- **TASK INPUT**
# # # # #
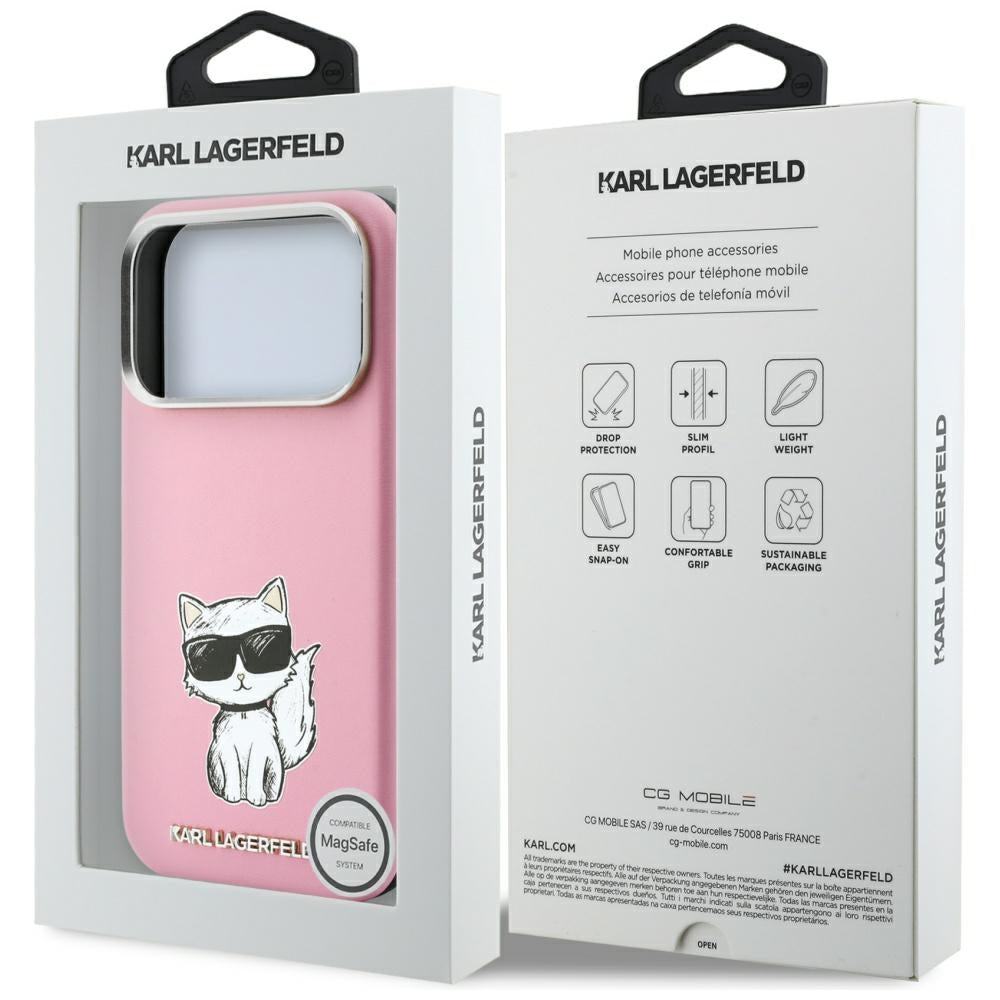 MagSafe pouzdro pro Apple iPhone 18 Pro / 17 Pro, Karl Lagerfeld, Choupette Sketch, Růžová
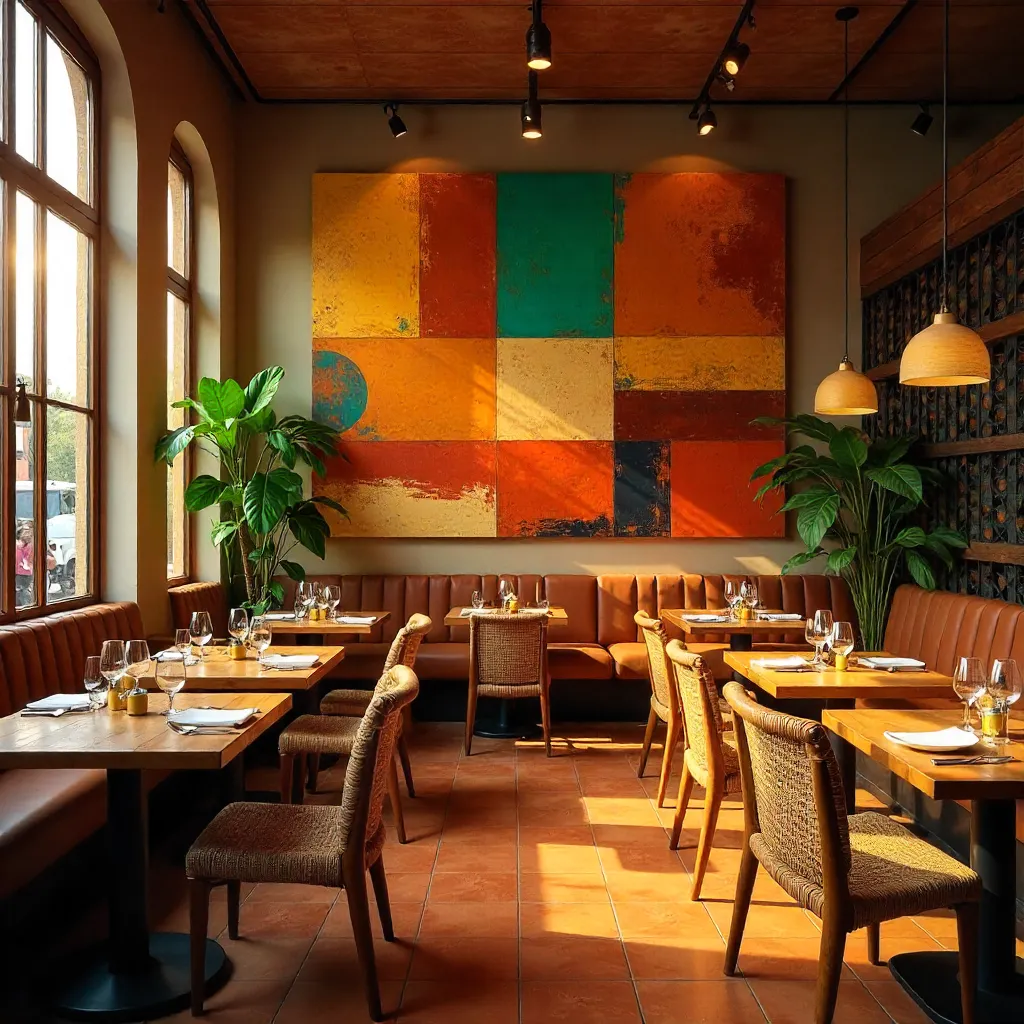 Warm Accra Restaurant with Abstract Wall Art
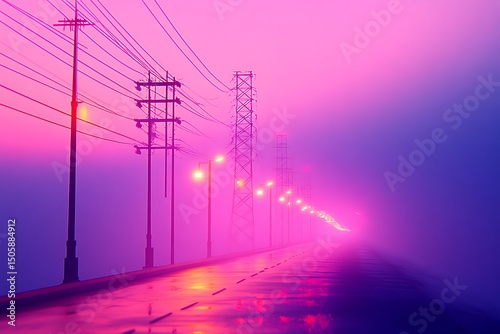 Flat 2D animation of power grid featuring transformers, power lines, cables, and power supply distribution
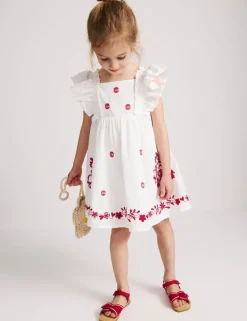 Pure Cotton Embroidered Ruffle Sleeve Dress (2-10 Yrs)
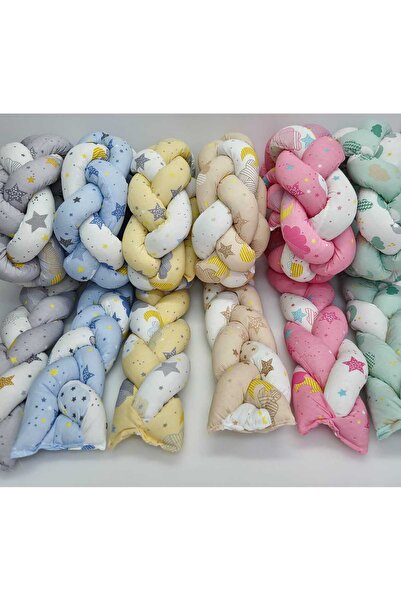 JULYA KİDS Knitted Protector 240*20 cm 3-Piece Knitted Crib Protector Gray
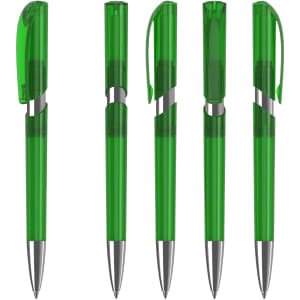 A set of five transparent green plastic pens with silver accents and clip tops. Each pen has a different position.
# # # # #
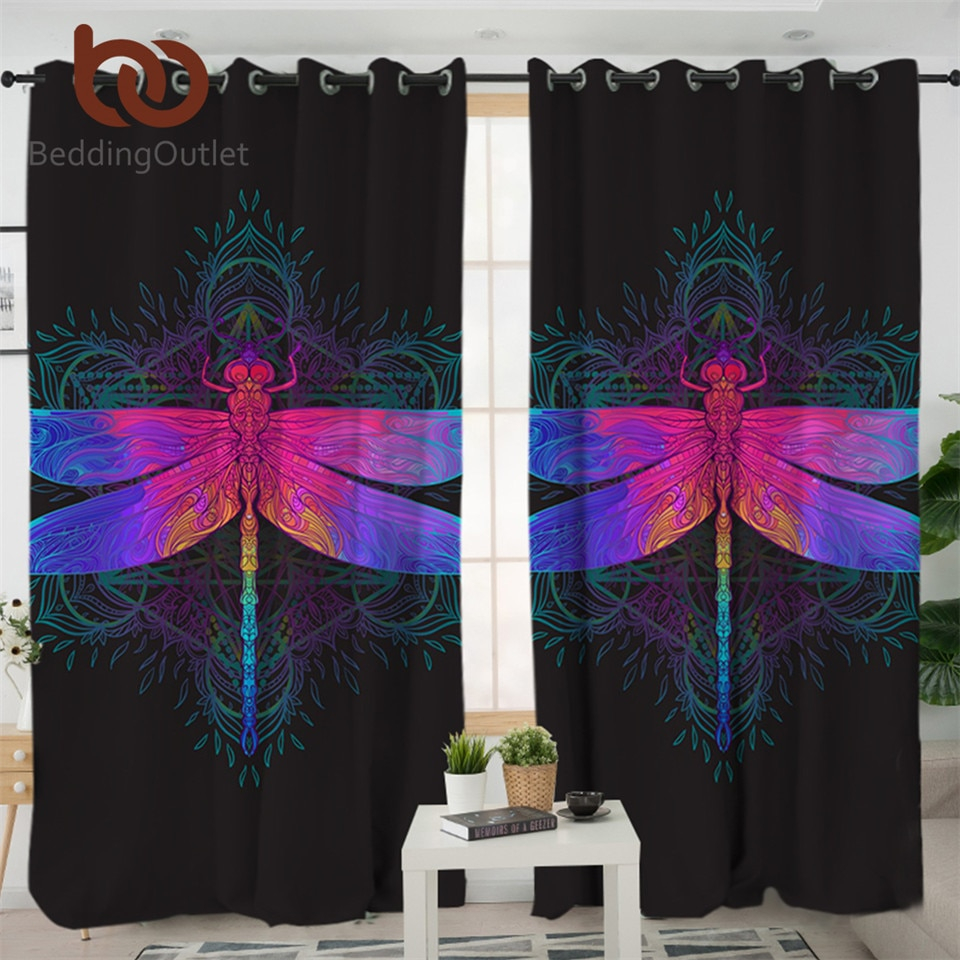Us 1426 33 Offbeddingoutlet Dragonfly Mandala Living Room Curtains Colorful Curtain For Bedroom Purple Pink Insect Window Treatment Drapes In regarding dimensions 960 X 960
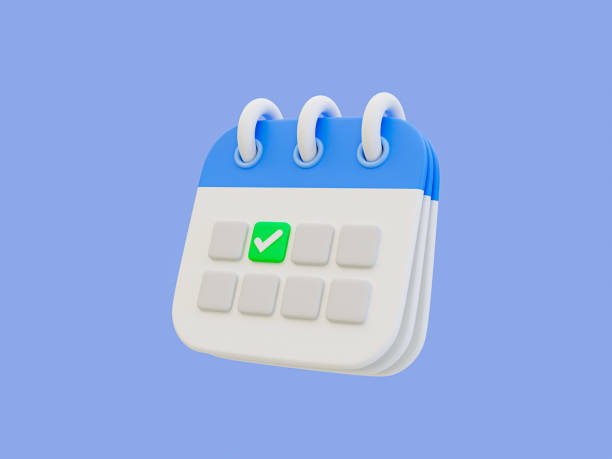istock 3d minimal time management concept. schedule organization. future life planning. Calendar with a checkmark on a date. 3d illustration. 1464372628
# # # # #
- **DIRECTIONS FOR THIS TASK**
Keep to the lines above from the line with "JULYA KİDS Knitted" to the line with "A set of five", and set down exactly those, inclusive, with nothing else and every picture left out.

- **SOLUTION FOR THIS PROBLEM**
 JULYA KİDS Knitted Protector 240*20 cm 3-Piece Knitted Crib Protector Gray
 A set of five transparent green plastic pens with silver accents and clip tops. Each pen has a different position.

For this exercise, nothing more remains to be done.